Why am I so dead set against these drugs? To put it simply: Most diet aids are stimulants and they're not good for you. Besides suppressing your appetite, stimulants cause a lot of other harmful side effects, including high blood pressure, the jitters, and sleeping troubles. Further, I fear any effects of stimulants that may still be unknown, such as the unexpected heart-valve damage attributed to Fen-Phen before that diet pill was withdrawn from the market. A stimulant can also be habit-forming and cause dependence, which can make it difficult to stop.

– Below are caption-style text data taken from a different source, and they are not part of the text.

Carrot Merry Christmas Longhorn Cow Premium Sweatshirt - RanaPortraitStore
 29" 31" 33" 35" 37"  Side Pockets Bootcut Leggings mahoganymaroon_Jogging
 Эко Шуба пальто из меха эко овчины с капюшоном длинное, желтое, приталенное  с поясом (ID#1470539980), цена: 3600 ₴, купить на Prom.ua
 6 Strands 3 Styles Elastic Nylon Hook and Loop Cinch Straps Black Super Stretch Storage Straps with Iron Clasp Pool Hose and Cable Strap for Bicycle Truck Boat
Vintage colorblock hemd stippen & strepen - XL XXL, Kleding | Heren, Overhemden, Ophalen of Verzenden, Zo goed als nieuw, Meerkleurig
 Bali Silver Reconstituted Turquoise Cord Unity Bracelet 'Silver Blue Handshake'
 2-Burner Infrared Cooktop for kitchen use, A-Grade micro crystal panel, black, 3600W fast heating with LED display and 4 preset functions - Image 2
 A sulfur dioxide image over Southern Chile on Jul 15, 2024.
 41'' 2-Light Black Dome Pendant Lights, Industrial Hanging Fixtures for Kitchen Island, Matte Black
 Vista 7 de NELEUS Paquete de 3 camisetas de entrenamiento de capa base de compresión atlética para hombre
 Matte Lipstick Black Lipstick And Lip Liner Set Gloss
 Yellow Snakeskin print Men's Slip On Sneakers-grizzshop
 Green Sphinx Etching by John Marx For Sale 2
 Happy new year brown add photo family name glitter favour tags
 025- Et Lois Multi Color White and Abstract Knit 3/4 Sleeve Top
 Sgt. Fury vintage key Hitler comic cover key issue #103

Last, diet aids are only meant for short-term use, which means that any weight loss you experience is likely not going to be sustainable. Once you've achieved your goals and stopped the medicine, you're probably going to revert back to your same pre-diet balance of "calories in" versus "calories burned."
There are of course medical clinics and physicians out there who will gladly take your money and prescribe not only these prescription diet aids but also diet supplements like vitamin B12 and chromium, which have only a questionable effect on weight loss. But are such medical clinics in your best interest? I wonder.
I prefer to encourage the women I care for to spend their money on tried-and-true weight-loss companies like Weight Watchers®, Jenny Craig®, and others, which offer comprehensive lifestyle and diet planning along with group and individual support.
Have I ever prescribed a diet aid? Yes, one by the name of orlistat. This is now available without a prescription by the brand name of Alli®. If used at recommended dosages, orlistat works in a fairly benign way, simply by blocking the digestion of the fats you consume. So when you eat very fatty foods, the orlistat will cause you to have cramping and greasy diarrhea, which in turn discourages you from eating much junk food. It's sort of like giving the drug Antabuse® to alcoholics, which causes them to vomit and feel nauseated any time they ingest alcohol. Cramps and diarrhea are not pleasant, but they're a lot kinder and gentler than the dangerous side effects associated with stimulants.So, like you, I'm still waiting for that magic pill. When it appears on the market after having proved its safety and effectiveness over a few years, then I'll be happy to write an Rx. Until then, stick to the thoroughly tested and reliable methods: diet and exercise!